Even when I saw this film in the theater, I thought the red monster looked out of place. He had no fur or blubber to keep him warm, and the red was entirely unlike his surroundings. That creature did not fit the scene and would have been more at home in a Star Wars prequel.
Kirk scurried away into a tunnel, where the creature caught him. But just before Kirk was eaten, a humanoid walked up with a torch and waved the monster away. It turns out this person was old man Spock, from the future of a now different timeline. Leonard Nimoy coming back to play Spock, was a cool shocker that made the film work and tie the TOS and TOS films to the Kelvin reboot series.
“James T. Kirk,” said Spock. “How did you find me?”
Kirk was confused.
“I have been, and always shall be your friend,” he said. “I am Spock.”
“Bullshit,” said Kirk.
Around a fire in the frozen cave, Kirk explained that present-day Spock hated him, and that was Spock who deserted him on the planet. Rather than beating around the bush, Spock mind-melded with Kirk.
“129 years from now, a star will explode, and threaten to destroy the galaxy,” said Spock. “That was where I’m from, Jim. The future. A star went to supernova. I promised the Romulans that I would save their planet.
“We outfitted our fastest ship. Using red matter, I would create a black hole, which would absorb the exploding star. I was en route when the unthinkable happened. The supernova destroyed Romulus.
“I had little time. I had to extract the red matter and shoot it into the supernova. As I began my return trip, I was intercepted. He called himself ‘Nero.’ In my attempt to escape, both of us were pulled into the black hole. Nero went through first. He was the first to arrive.”
The audience saw the Narada emerge from the black hole and attack and destroy the U.S.S. Kelvin.
“Nero and his crew spent the next 25 years awaiting my arrival,” remembered Spock. “But what was years for Nero, was only seconds for me. I went through the black hole … Nero was waiting for me. He held me responsible for the loss of his world.
“He captured my vessel and spared my life for one reason. So that I would know his pain, he beamed me here so that I could observe his vengeance. As he was helpless to save his planet, I would be helpless to save mine.
“Billions of lives lost because of me, Jim. Because I failed.”
After the mind-meld ended, Kirk was out of breath and almost in tears. Spock apologized, saying that emotions to transfer during the process. Kirk asked if Spock did “feel.” Spock said he did. Kirk noted that Spock arriving at this time changed everything.
Spock said that they would journey to a Starfleet outpost not far from where they were. Kirk asked, in Spock’s time, if he knew his father. Spock said that he did, and he lived to see Kirk become captain of the Enterprise.
“A ship we must return you to as soon as possible,” said Spock.
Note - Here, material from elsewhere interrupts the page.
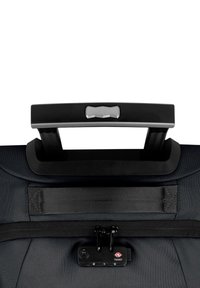 Zwarte rollende rugzak met een uitschuifbare handgreep, een ritsvak en een TSA-goedgekeurd slot. Geweven stof en verstevigde stikseldetails.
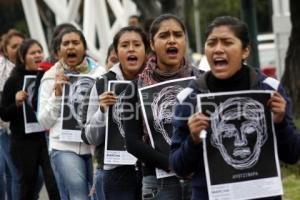 MANIFESTACIÓN POR AYOTZINAPA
On the Enterprise, as the ship entered the Laurentian system, Spock took McCoy aside to thank him for siding with the acting captain. McCoy spoke freely and asked Spock if he was “out of his Vulcan mind” by sending Kirk away.
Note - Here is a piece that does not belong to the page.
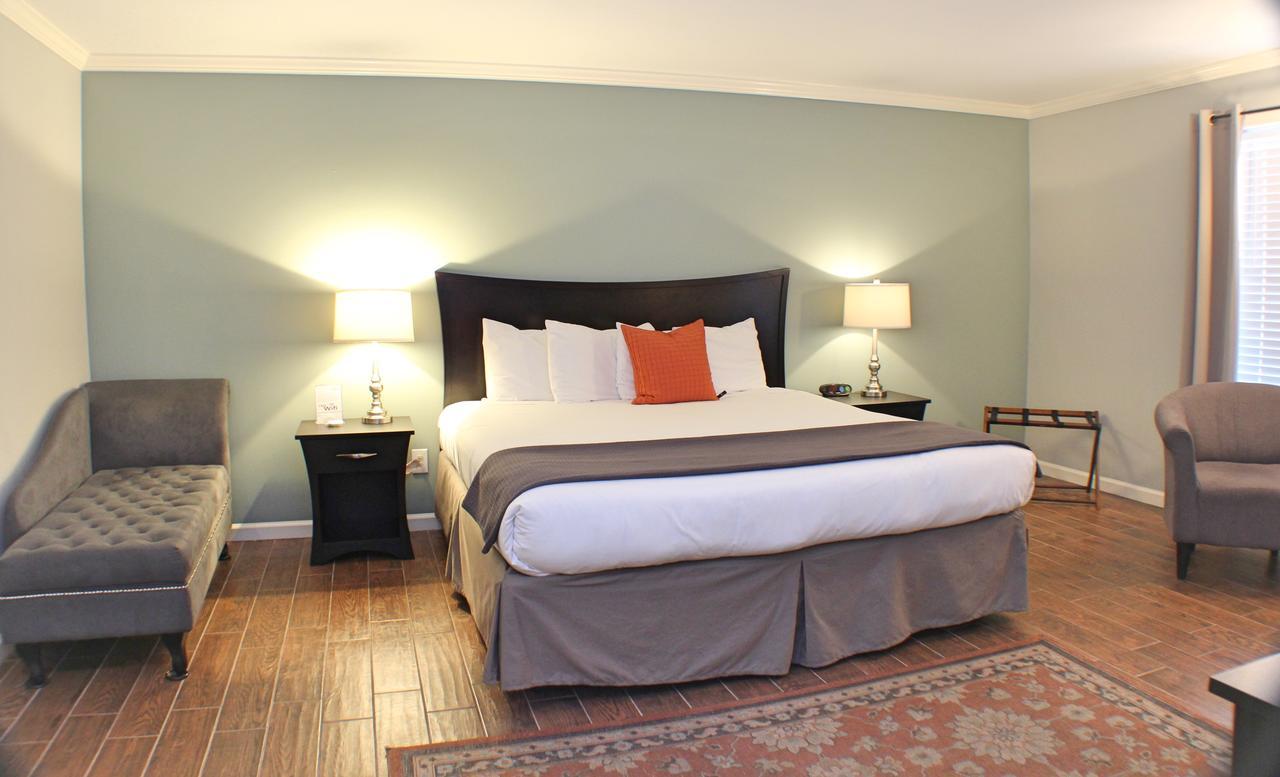 The Dahlonega Square Hotel & Villas Екстер'єр фото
McCoy said that Kirk was like a prized stallion left at the stable. Spock said that was “curious” as a stallion must first be broken before it can reach its potential.
Spock and Kirk arrived at the outpost and met Keenser, a small alien member of Starfleet, who said little. Keenser led them to Montgomery “Scotty” Scott, in this timeline, played by Simon Pegg.
Mr. Spock was amazed to see Scotty. He immediately asked Scotty if he was the one who created the theory of “trans-warp beaming.” Scotty said that he was and that he got in trouble for testing the hypothesis on Admiral Archer’s prized beagle (a Star Trek: Enterprise reference).
Kirk asked where the dog was. Scotty said he didn’t know, but he did feel guilty for losing it.
Spock told Scotty that the theory did work. Scotty said that if it did work, then he would know about it. Spock noted that Scott didn’t know about it because he hadn’t discovered it yet — which is almost exactly what Scotty said about the guy who he gave the formula to for Transparent Aluminum in Star T:IV – The Voyage Home.